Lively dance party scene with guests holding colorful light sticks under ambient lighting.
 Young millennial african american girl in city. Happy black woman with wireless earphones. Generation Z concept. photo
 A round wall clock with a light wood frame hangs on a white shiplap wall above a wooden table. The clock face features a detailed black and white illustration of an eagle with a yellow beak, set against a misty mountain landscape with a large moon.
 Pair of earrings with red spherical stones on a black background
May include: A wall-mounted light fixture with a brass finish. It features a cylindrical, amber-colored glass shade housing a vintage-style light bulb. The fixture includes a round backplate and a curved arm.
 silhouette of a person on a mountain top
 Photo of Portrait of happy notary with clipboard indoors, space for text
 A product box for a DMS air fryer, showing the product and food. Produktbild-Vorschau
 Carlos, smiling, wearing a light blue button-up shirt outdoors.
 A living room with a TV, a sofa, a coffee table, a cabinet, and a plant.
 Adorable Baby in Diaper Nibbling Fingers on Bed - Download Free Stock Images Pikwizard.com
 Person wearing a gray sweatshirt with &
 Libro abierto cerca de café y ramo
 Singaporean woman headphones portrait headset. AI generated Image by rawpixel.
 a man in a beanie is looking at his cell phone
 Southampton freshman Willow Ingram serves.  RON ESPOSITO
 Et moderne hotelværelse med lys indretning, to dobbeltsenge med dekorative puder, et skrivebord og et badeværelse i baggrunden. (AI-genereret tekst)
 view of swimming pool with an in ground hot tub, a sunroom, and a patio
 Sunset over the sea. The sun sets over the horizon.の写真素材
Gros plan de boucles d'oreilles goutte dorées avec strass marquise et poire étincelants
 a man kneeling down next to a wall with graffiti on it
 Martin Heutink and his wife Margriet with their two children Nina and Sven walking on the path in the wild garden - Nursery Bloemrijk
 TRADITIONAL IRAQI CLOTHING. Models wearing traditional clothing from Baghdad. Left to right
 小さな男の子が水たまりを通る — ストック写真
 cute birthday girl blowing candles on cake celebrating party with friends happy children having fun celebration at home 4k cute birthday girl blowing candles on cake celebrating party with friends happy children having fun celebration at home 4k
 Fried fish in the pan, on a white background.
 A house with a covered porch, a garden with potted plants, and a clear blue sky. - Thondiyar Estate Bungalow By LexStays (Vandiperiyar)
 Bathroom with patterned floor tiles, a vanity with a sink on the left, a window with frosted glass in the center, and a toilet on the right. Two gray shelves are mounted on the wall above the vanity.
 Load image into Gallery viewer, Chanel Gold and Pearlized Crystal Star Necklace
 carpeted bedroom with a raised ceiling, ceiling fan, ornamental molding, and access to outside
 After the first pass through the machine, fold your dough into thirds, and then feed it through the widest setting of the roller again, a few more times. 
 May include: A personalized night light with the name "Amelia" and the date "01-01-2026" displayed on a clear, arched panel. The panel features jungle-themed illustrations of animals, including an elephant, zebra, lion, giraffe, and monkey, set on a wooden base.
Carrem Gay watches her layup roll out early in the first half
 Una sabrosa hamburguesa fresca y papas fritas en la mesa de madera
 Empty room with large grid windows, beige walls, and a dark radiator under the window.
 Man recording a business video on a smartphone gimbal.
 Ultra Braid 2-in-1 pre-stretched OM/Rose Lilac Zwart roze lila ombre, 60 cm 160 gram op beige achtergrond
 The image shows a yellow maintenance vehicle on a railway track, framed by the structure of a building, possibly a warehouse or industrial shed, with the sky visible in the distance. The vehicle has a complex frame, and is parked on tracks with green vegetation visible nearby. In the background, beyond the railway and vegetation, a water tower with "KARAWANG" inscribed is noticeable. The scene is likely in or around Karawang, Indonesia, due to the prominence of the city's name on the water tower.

+--

## REQUIREMENT
Take the entries above and copy out all lines with the string "large".

## WRITTEN REPLY
 A round wall clock with a light wood frame hangs on a white shiplap wall above a wooden table. The clock face features a detailed black and white illustration of an eagle with a yellow beak, set against a misty mountain landscape with a large moon.
 Empty room with large grid windows, beige walls, and a dark radiator under the window.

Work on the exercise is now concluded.